------ Records for the task

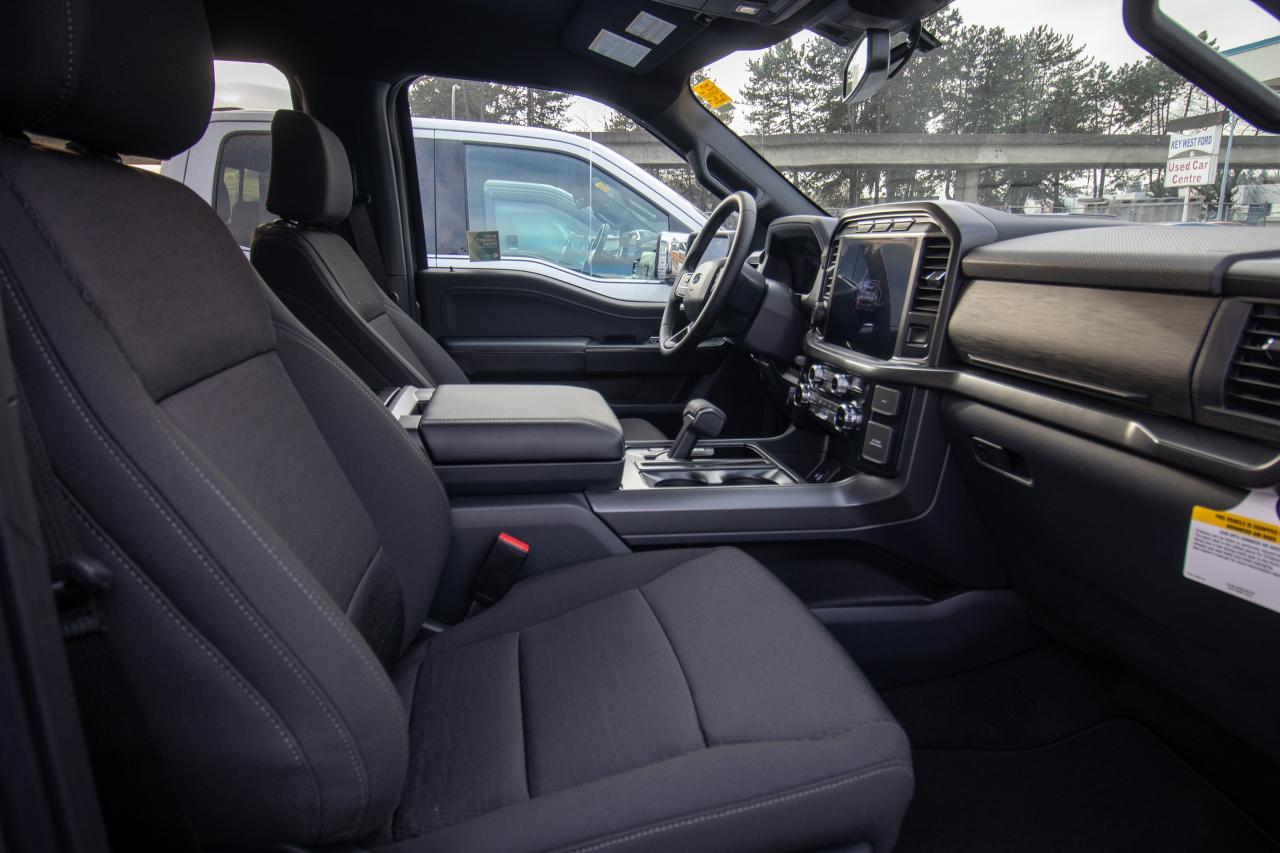 2024 Ford F-150 XLT 4WD SuperCrew 5.5' Box Photo5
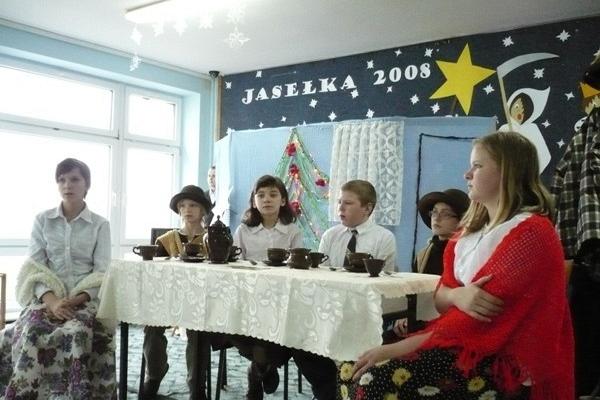 XIII Gminny Przegląd Zespołów Kolędniczych i Jasełkowych 13.12.2008r.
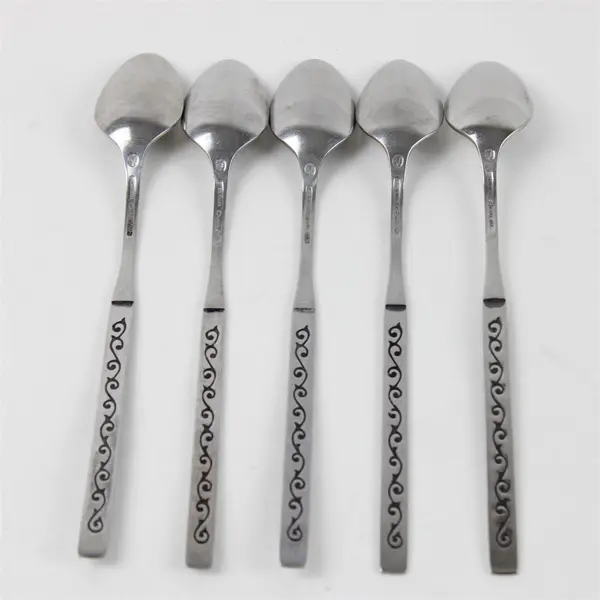 Set of 5 Oneida Spanish Court Stainless Ice Tea Spoons 7.5"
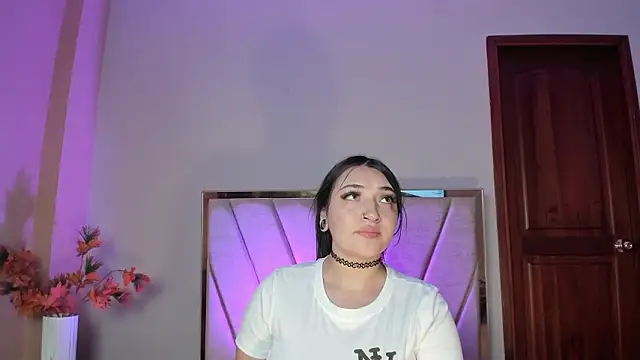 LilithEsme online show from February 4, 2026, 12:27 am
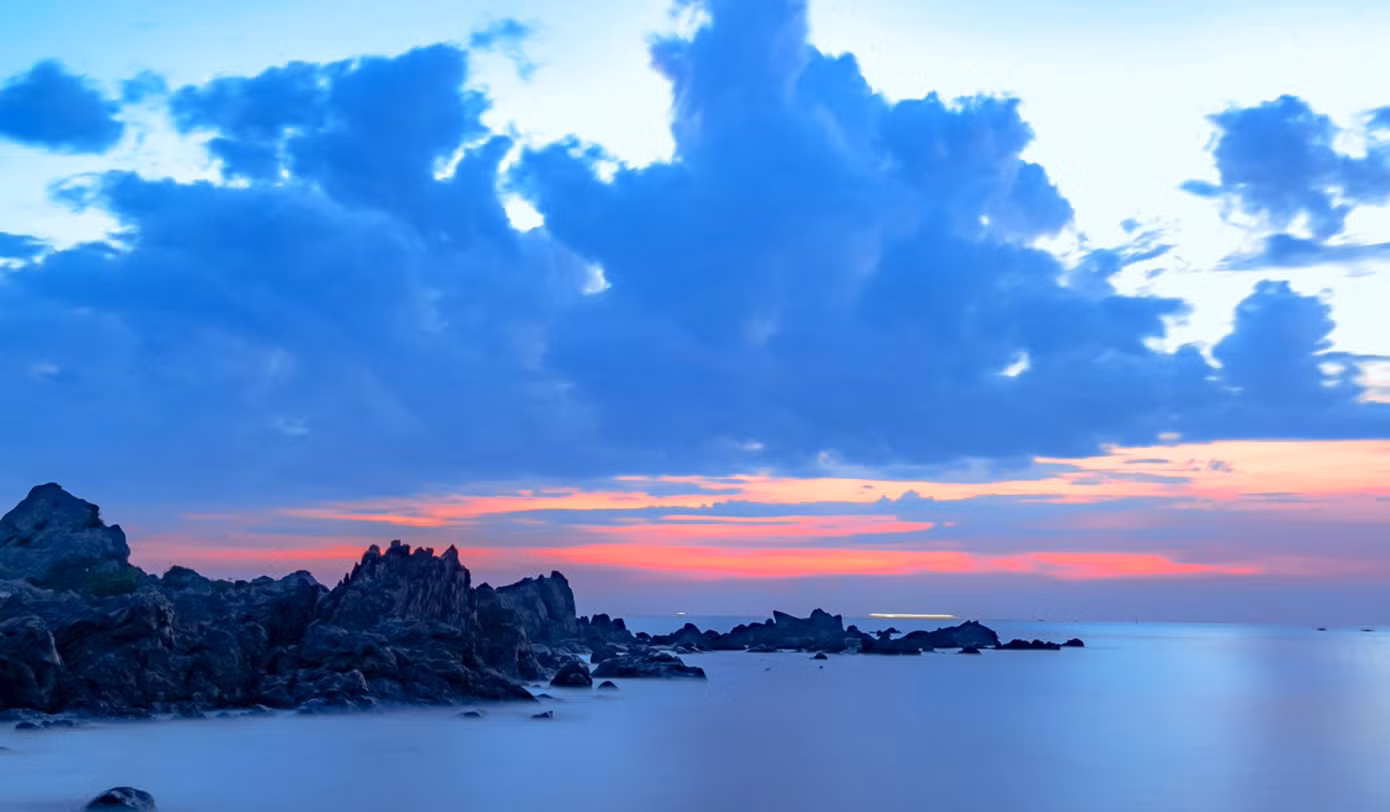 Ngắm bình minh từ đảo Lan Châu mang đến cho bạn trải nghiệm độc đáo. Ở độ cao hàng chục mét so với mặt biển, du khách đón làn gió mát lành từ đại dương, ngắm mặt trời tươi rói dần nhô lên ở phía Đông trong tiếng sóng biển dạt dào Ngắm bình minh từ đảo Lan Châu mang đến cho bạn trải nghiệm độc đáo. Ở độ cao hàng chục mét so với mặt biển, du khách đón làn gió mát lành từ đại dương, ngắm mặt trời tươi rói dần nhô lên ở phía Đông trong tiếng sóng biển dạt dào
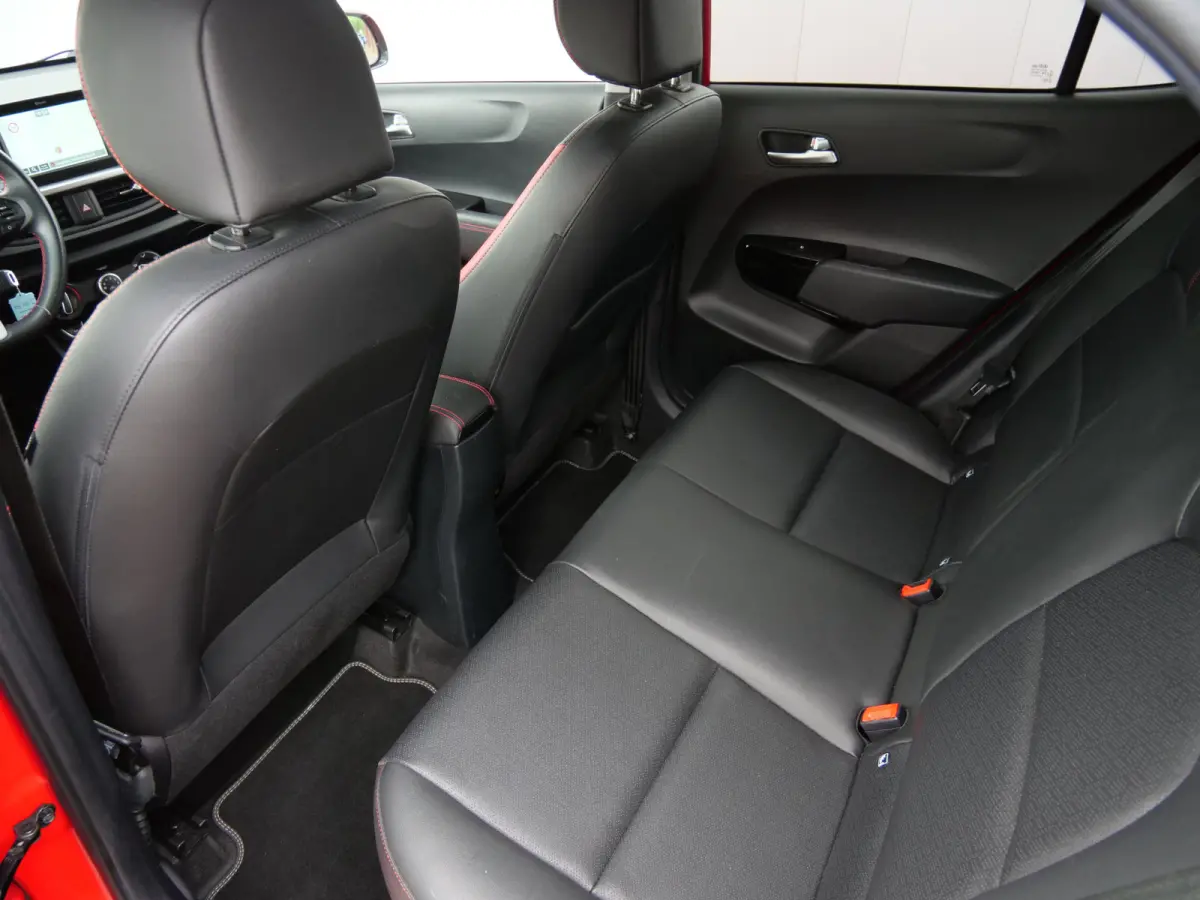 1.0 MPi 67pk GT-Line Edition Camera / Navigatie / L.m.velgen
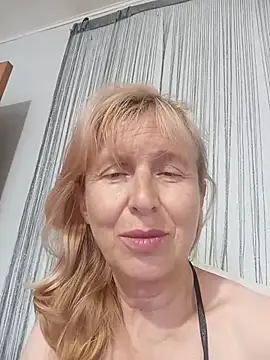 Živý XXX chat TrinaAdair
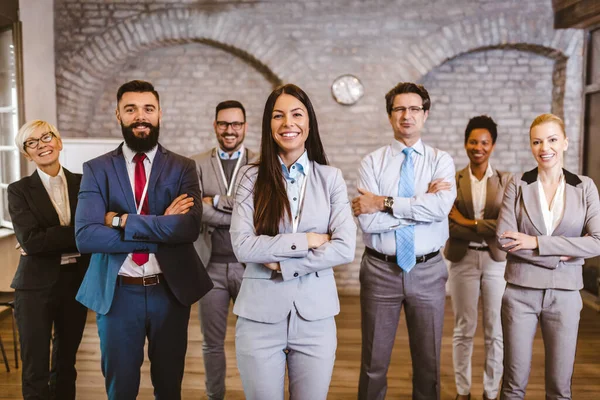 Porträtt Självsäkra Affärsteam Stående Ämbetet Med Händerna Korsade — Stockfoto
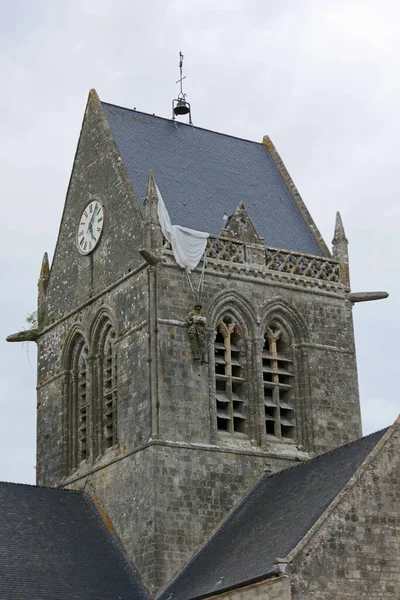 2022年8月21日 法国Fra圣梅尔埃格里斯 伞兵人体模型悬挂在教堂钟楼上 — 图库照片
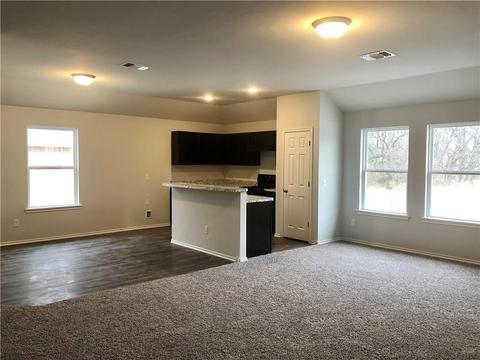 910 Riverrun Dr, Noble, OK 73068 photo 2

------------

Work task =
Transcribe every entry word for word, but skip the pictures.

Solution for this exercise =
 2024 Ford F-150 XLT 4WD SuperCrew 5.5' Box Photo5
 XIII Gminny Przegląd Zespołów Kolędniczych i Jasełkowych 13.12.2008r.
 Set of 5 Oneida Spanish Court Stainless Ice Tea Spoons 7.5"
 LilithEsme online show from February 4, 2026, 12:27 am
 Ngắm bình minh từ đảo Lan Châu mang đến cho bạn trải nghiệm độc đáo. Ở độ cao hàng chục mét so với mặt biển, du khách đón làn gió mát lành từ đại dương, ngắm mặt trời tươi rói dần nhô lên ở phía Đông trong tiếng sóng biển dạt dào Ngắm bình minh từ đảo Lan Châu mang đến cho bạn trải nghiệm độc đáo. Ở độ cao hàng chục mét so với mặt biển, du khách đón làn gió mát lành từ đại dương, ngắm mặt trời tươi rói dần nhô lên ở phía Đông trong tiếng sóng biển dạt dào
 1.0 MPi 67pk GT-Line Edition Camera / Navigatie / L.m.velgen
 Živý XXX chat TrinaAdair
 Porträtt Självsäkra Affärsteam Stående Ämbetet Med Händerna Korsade — Stockfoto
 2022年8月21日 法国Fra圣梅尔埃格里斯 伞兵人体模型悬挂在教堂钟楼上 — 图库照片
 910 Riverrun Dr, Noble, OK 73068 photo 2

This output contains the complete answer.